Poee bread being made.

* The next time you head to Candolim’s popular eatery Avozin, sample their sammar curry. It’s usually had during monsoon, when the fisherfolk cannot take their boats out into the sea. Made with dried prawns, for many it is an acquired taste. Instead of adding the dried prawns to the curry, they are first crushed and then mixed in, so as to reinforce the taste. “It’s a bit of an experiment for most palates, but worth a try,” says Bhanage.

* Skip the dime-a-dozen hip spots for Anand, a hole-in-the-wall bar in Siolem. Its patrons are mostly locals, drivers of tourist vehicles who come for a meal, snack or drink after dropping their guests at fancier bars nearby.

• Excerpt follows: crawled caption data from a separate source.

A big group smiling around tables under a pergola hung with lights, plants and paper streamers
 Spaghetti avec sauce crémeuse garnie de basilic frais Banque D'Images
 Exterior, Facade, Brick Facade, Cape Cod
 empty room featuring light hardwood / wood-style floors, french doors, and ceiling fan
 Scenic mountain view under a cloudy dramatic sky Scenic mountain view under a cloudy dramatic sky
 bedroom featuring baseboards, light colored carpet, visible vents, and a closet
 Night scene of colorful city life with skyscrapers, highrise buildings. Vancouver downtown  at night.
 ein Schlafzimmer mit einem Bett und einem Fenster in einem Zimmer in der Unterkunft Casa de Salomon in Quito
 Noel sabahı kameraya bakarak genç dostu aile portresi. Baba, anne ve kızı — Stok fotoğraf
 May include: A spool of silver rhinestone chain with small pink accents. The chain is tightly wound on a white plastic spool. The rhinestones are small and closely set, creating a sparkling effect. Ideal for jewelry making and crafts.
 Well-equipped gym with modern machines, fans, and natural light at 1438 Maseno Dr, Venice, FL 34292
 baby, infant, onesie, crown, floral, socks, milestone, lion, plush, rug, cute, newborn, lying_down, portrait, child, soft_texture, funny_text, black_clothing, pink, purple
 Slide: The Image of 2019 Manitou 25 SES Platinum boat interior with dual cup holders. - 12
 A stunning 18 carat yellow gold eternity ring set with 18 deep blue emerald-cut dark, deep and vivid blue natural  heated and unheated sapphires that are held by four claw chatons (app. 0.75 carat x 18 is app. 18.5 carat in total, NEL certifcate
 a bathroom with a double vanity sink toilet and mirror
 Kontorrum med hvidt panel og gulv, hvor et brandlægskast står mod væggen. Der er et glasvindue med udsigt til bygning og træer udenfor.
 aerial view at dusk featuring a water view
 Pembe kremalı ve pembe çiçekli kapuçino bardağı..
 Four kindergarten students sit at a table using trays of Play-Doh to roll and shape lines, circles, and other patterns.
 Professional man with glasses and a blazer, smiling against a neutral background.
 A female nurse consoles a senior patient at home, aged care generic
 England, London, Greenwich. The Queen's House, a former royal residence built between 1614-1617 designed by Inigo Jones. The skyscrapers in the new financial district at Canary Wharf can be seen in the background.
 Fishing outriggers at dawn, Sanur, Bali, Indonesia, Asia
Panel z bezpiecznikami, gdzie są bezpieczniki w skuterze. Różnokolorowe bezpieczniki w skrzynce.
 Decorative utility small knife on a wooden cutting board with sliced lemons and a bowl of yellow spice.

What everyone digs here is the rawa fish fry, perhaps the best you will get in Goa. They marinate the fish in tamarind and red chillies, which makes it sweet, sour and spicy, before dredging it in a mix of rice flour and semolina. The fish is then pan fried till it’s golden and crisp, a perfect snack to go with some chilled beer.

* Nostalgia, one of the most popular restaurants in Margao, serves dishes that you don’t find in many restaurants. There’s caldinho and rolados, vindalhos and cafreal, recheiados and balchao, apart from the usual curries. When its much-loved chef Fernando da Costa died in 2007, his wife Margarida, who had until then kept away from the matters of the kitchen, took over. Bhanage suggests going there for the Rissois de camarao — crumb-fried half moons of dough stuffed with seafood.

Finally, on your way out after a super Goa trip? If you are taking the bus from Mapusa, make a pit-stop at the tiny stall at the depot selling ras omelette. For the uninitiated, the dish is omelette served with meat gravy, which makes it a lot more filling and flavourful. “It’s probably the char from cooking the omelette on high flame that makes the ras omelette at this stall different,” says Bhanage. He recommends it to be had along with the banana milk shake at the next stall, which is made with a dash of Horlicks — the perfect end to a Goan holiday.